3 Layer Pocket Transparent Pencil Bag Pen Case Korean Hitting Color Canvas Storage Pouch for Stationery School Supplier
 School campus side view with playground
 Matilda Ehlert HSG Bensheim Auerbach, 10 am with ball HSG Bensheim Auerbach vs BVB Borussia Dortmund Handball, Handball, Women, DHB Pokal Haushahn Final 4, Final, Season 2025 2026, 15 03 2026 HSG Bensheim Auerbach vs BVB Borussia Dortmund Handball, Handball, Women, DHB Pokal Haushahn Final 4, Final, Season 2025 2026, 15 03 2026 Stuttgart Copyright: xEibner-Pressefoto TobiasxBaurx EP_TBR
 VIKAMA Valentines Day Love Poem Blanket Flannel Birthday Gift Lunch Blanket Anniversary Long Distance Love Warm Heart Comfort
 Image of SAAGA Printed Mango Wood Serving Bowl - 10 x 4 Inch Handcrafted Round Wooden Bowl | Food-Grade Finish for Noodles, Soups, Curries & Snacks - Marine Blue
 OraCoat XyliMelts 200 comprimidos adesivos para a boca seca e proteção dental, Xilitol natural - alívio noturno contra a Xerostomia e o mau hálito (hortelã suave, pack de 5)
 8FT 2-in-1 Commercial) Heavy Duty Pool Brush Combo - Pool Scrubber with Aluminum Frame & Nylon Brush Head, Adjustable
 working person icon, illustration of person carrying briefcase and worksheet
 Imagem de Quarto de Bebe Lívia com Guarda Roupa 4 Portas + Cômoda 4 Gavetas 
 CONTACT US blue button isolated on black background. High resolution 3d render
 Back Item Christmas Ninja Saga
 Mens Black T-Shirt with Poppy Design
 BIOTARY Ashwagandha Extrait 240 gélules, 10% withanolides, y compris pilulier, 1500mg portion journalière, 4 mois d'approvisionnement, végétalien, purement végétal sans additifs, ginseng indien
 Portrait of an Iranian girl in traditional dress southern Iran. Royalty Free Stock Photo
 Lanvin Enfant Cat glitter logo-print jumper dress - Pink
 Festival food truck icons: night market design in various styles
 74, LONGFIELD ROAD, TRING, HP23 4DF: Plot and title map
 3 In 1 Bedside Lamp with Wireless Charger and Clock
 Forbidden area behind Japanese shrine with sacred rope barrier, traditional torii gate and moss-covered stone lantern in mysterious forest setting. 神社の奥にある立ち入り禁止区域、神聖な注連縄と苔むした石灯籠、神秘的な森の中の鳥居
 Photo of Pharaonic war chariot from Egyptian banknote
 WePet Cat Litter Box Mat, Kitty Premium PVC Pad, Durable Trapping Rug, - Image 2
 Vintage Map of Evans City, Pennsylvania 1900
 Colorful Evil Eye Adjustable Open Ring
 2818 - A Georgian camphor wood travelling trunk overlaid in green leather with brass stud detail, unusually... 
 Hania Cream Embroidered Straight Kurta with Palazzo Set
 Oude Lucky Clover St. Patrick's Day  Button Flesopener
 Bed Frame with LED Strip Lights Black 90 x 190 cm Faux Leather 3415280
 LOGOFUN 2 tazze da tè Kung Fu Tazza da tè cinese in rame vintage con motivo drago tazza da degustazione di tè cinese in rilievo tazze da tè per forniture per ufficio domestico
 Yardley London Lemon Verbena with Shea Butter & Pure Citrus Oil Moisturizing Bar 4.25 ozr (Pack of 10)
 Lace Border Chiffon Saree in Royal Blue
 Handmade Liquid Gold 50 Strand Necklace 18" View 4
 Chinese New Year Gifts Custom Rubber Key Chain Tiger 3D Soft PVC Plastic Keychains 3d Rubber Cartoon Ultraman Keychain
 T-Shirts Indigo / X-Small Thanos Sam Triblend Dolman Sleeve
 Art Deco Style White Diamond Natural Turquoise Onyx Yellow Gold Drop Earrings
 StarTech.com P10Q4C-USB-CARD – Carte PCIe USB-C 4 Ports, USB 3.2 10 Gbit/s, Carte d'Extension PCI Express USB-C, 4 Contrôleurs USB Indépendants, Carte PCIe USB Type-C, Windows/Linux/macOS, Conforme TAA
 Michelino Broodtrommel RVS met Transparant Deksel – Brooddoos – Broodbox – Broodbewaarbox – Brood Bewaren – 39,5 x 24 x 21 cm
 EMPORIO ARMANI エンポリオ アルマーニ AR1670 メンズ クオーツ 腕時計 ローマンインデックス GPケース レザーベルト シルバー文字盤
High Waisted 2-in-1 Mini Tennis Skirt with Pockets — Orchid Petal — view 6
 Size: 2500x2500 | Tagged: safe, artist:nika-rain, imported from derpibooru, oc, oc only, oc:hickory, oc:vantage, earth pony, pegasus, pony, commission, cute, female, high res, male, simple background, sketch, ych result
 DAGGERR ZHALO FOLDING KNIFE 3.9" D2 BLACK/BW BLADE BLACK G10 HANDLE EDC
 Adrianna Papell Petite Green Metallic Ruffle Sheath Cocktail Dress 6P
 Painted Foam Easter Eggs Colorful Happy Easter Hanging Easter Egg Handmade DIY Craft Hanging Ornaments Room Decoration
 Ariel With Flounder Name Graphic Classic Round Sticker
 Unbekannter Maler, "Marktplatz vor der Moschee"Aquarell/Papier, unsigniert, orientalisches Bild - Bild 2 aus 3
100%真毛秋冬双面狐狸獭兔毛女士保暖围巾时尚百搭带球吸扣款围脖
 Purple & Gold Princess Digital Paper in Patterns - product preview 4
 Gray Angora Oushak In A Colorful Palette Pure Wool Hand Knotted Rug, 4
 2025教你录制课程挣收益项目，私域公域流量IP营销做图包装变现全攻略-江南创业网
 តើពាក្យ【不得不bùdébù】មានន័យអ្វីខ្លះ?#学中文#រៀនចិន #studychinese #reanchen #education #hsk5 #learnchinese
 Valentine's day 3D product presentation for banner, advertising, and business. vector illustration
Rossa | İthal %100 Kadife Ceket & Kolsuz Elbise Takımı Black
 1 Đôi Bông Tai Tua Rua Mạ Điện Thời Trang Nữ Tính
:::::
--- What to do ---
Would you print, exactly as written, every line above from the one holding "EMPORIO ARMANI エンポリオ" through the one holding "Painted Foam Easter", with both included and no other lines?

--- Task response ---
 EMPORIO ARMANI エンポリオ アルマーニ AR1670 メンズ クオーツ 腕時計 ローマンインデックス GPケース レザーベルト シルバー文字盤
High Waisted 2-in-1 Mini Tennis Skirt with Pockets — Orchid Petal — view 6
 Size: 2500x2500 | Tagged: safe, artist:nika-rain, imported from derpibooru, oc, oc only, oc:hickory, oc:vantage, earth pony, pegasus, pony, commission, cute, female, high res, male, simple background, sketch, ych result
 DAGGERR ZHALO FOLDING KNIFE 3.9" D2 BLACK/BW BLADE BLACK G10 HANDLE EDC
 Adrianna Papell Petite Green Metallic Ruffle Sheath Cocktail Dress 6P
 Painted Foam Easter Eggs Colorful Happy Easter Hanging Easter Egg Handmade DIY Craft Hanging Ornaments Room Decoration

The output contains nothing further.